WHAT THE TASK REQUIRES: Please output exactly the part of the records below that opens with the line containing "LEGO Architecture Himedzsi" and closes with the line containing "được bà chủ", both lines included, and nothing else.

DATA FOR REVIEW:
————

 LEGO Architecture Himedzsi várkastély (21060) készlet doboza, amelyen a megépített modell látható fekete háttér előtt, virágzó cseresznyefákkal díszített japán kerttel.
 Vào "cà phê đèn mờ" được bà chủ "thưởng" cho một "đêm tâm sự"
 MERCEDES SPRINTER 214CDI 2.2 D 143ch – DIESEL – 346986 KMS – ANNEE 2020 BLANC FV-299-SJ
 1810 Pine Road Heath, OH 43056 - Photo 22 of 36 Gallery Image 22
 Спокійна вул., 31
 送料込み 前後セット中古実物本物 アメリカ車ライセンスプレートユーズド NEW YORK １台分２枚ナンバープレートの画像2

————

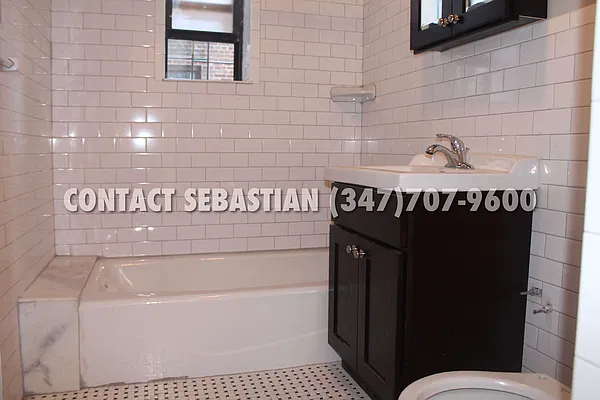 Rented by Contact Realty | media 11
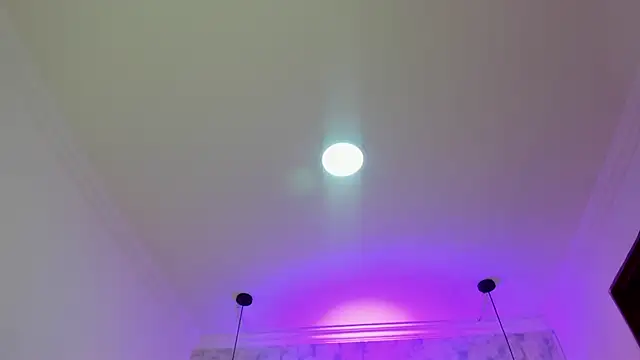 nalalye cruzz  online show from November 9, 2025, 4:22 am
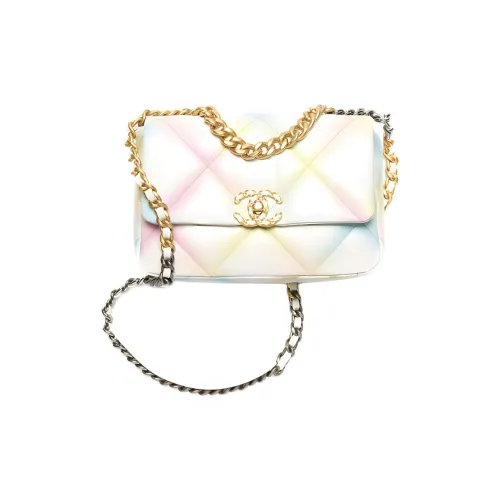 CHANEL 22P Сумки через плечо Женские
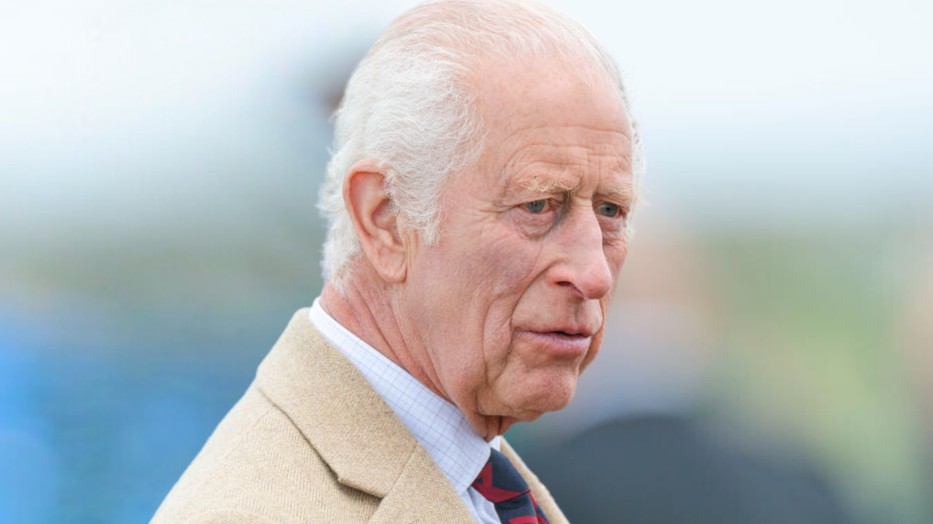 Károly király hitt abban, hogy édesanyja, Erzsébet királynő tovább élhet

————

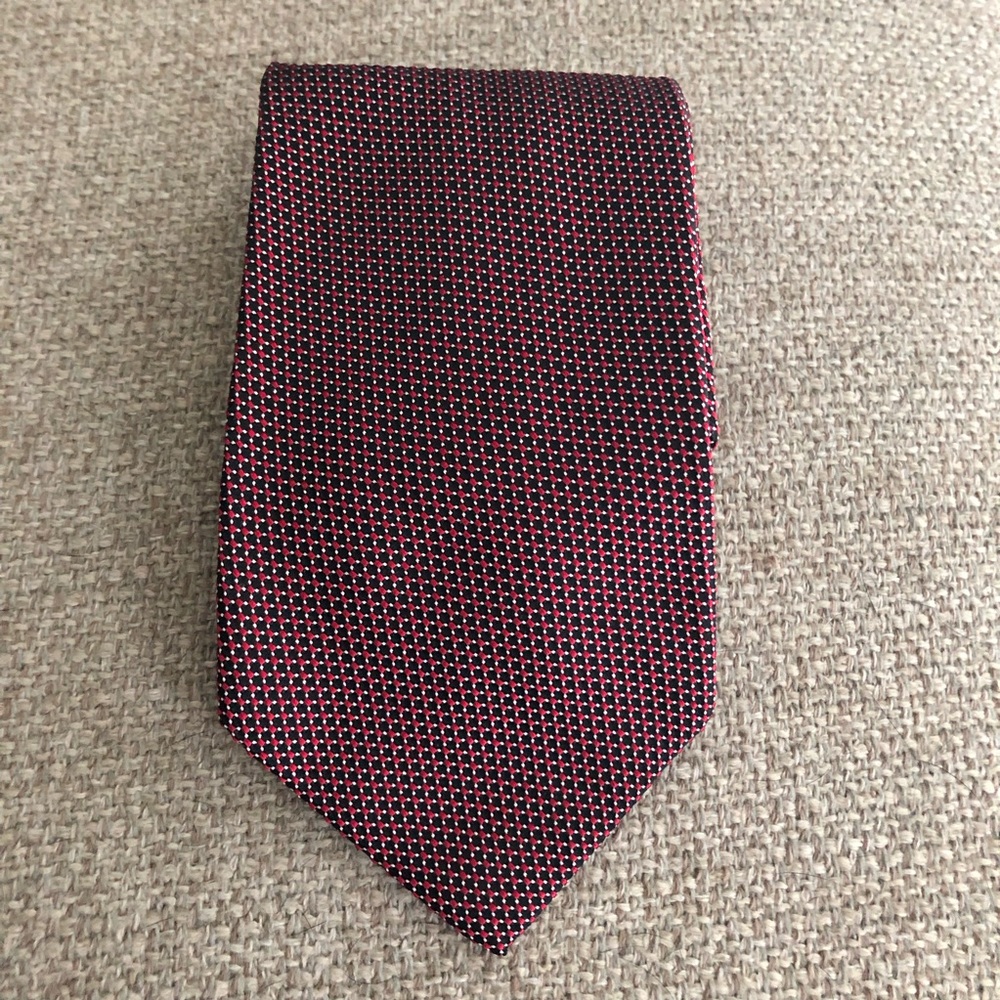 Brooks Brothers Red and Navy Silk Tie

————

EXERCISE RESULT:
 LEGO Architecture Himedzsi várkastély (21060) készlet doboza, amelyen a megépített modell látható fekete háttér előtt, virágzó cseresznyefákkal díszített japán kerttel.
 Vào "cà phê đèn mờ" được bà chủ "thưởng" cho một "đêm tâm sự"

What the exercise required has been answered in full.